Внешний диалог, или диалог с другими культурами и цивилизациями, предполагает существование интегрированного социокультурного единства. В этом диалоге позиции сторон разведены за рамки системного целого, реализованного в цивилизации. Здесь «нашей» культуре предстоит культура иная, с другими базовыми реакциями, отличным от нашего пониманием Вселенной, представлениями о целях и смысле человеческой жизни. В межцивилизационном диалоге задействуются наиболее глубокие пласты ментальности, актуализуются сущностные уровни культуры. Диалог с другими цивилизациями — всегда вызов. Вызов, и в то же время — такова диалектика истории — непременное условие существования, выживания, сохранения самотождественности всякой культуры.

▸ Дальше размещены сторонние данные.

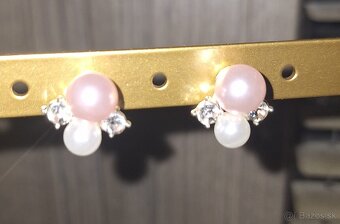 Náušnice perličky strieborné+ružové - 4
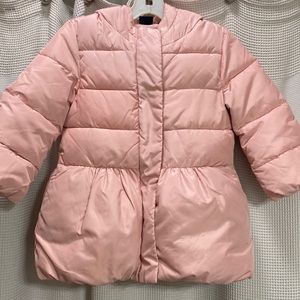 Baby Gap Puffy Pink coat Size 3T w hood peplum zip and snap front fleece lined
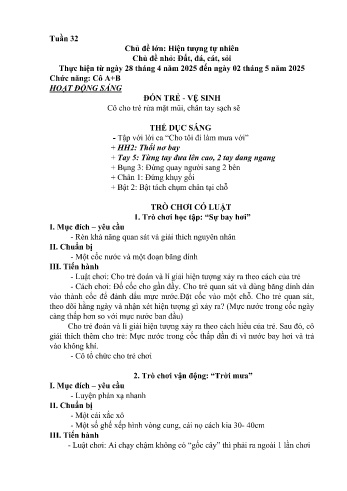 Kế hoạch bài học Mầm non Lớp Mầm - Tuần 32 - Chủ đề: Đất, đá, cát, sỏi - Năm học 2024-2025 - Vàng Thị Nga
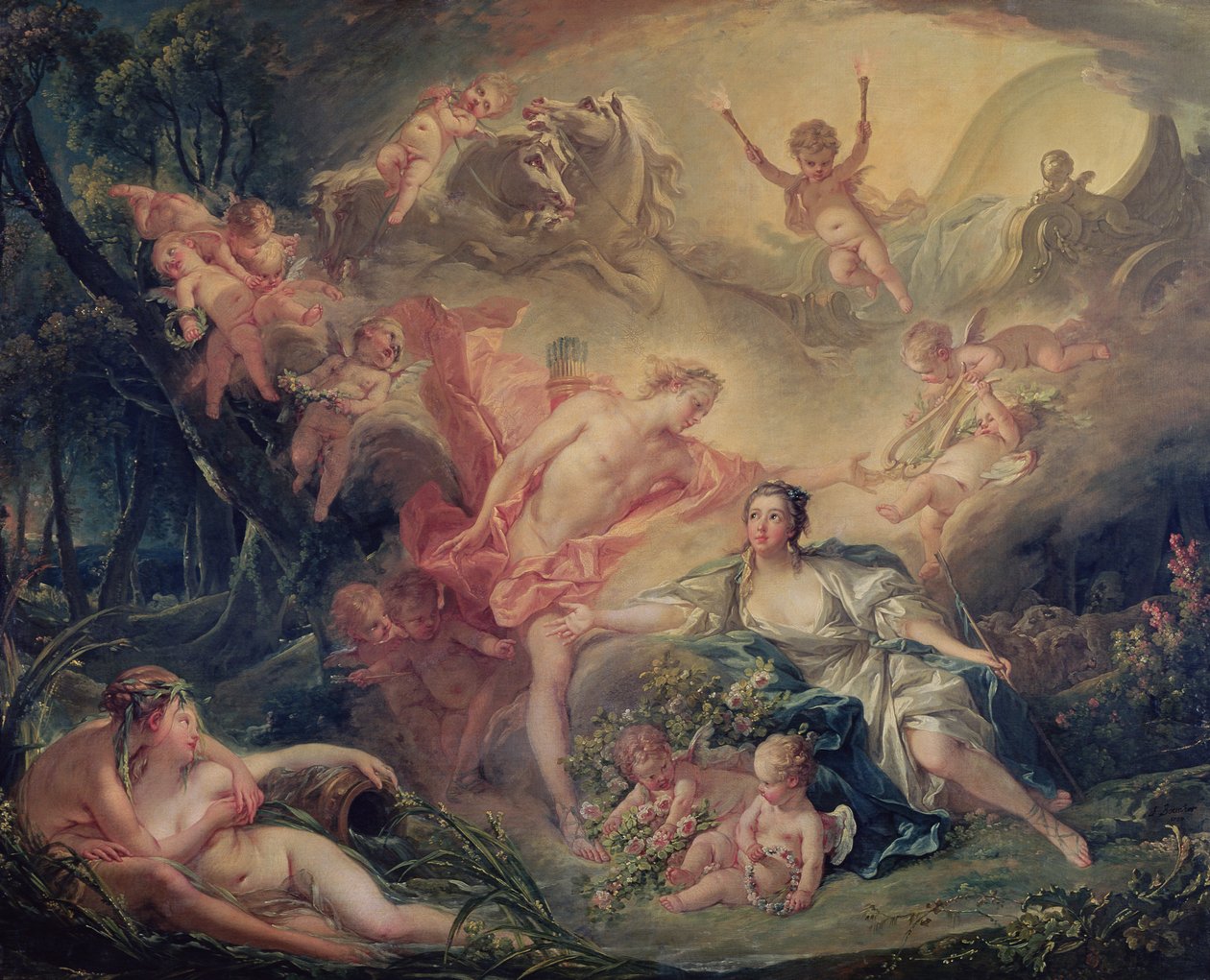 Apollo objawia swoją boskość pasterzce Isse, 1750 autorstwa François Boucher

Об этом, последнем, роде диалога и пойдет речь ниже.
Диалог внутри культуры сравнительно гомогенен, ибо разнокачественность составляющих культуру лоскутов не идет дальше границ системного целого. Так, если общество принадлежит парадигме должного, то любой диалог происходит именно и только в этом пространстве, а потому разворачивает его, адаптирует к изменениям, но не подтачивает и не разрушает. Совсем иное дело — диалог обращенный вовне. Здесь возможны два варианта: первый — «наша», исходная культура должного сталкивается с другой версией должного; и второй — культура вписанная в парадигму должного/сущего сталкивается с цивилизацией личности.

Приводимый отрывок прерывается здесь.